DATASET EXCERPTS
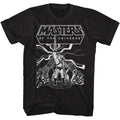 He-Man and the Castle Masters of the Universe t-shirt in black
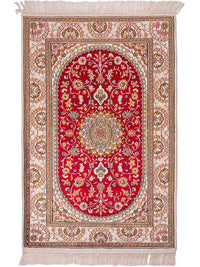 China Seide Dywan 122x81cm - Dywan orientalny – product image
--
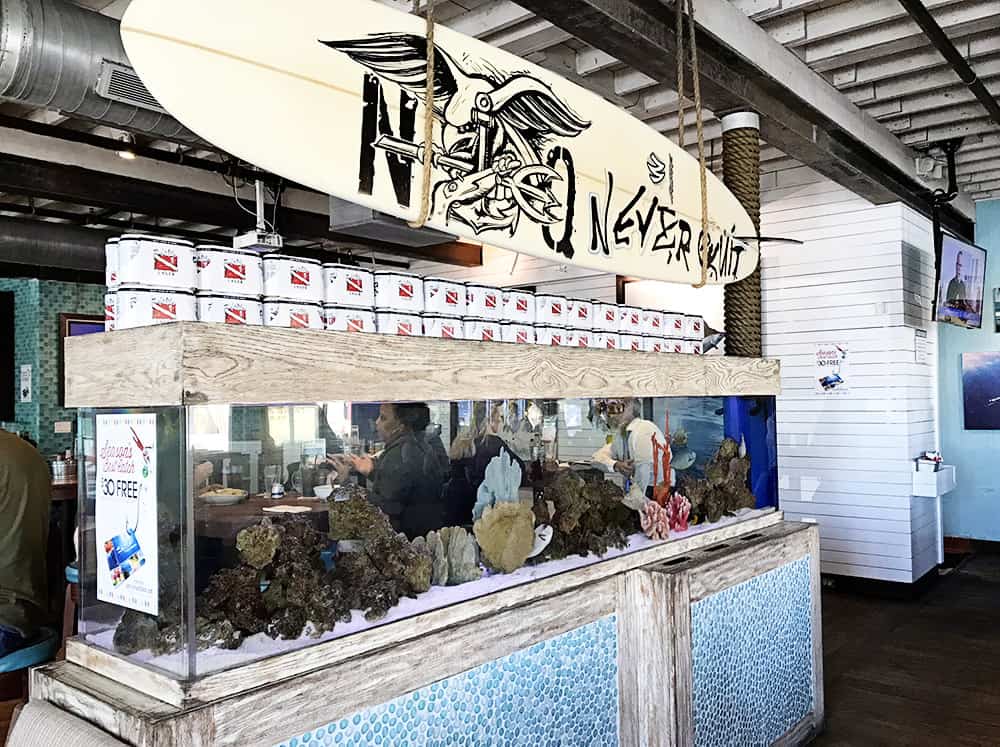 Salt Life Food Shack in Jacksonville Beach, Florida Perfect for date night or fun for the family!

AIM OF THE EXERCISE
I would like the exact lines from the data above, starting with the one that holds "He-Man and the" and going on through the one that holds "China Seide Dywan", without the pictures.

TASK RESPONSE
 He-Man and the Castle Masters of the Universe t-shirt in black
 China Seide Dywan 122x81cm - Dywan orientalny – product image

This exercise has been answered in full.